TASK BRIEF. A single number is required: the count of lines in the entries below that include the word "white".
---*---
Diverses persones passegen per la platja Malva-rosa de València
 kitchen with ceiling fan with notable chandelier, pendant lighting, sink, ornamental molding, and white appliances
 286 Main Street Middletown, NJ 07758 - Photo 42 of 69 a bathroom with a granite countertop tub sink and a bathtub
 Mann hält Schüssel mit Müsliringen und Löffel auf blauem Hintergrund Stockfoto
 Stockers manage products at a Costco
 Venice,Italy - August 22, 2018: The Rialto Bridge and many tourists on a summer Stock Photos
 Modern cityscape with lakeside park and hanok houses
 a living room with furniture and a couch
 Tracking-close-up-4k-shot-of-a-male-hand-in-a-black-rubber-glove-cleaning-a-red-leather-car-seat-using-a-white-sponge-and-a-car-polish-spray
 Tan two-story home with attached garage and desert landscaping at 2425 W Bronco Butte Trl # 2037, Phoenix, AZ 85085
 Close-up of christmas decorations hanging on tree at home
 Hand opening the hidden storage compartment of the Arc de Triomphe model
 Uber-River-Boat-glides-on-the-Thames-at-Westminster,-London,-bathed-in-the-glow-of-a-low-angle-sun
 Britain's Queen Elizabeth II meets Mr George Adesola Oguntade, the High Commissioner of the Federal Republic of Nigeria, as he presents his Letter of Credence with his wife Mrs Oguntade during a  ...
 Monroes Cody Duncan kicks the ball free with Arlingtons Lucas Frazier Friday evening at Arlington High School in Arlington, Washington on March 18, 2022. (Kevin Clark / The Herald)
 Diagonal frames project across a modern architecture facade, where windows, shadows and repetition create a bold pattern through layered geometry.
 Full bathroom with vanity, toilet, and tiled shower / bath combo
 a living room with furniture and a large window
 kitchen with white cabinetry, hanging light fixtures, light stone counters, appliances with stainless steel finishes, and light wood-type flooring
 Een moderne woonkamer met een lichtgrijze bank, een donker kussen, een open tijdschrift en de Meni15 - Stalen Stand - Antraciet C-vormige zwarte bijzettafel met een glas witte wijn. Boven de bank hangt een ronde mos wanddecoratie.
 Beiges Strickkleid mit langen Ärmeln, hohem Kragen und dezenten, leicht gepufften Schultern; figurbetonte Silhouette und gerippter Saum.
---*---
ANSWER TO THE PROBLEM. 3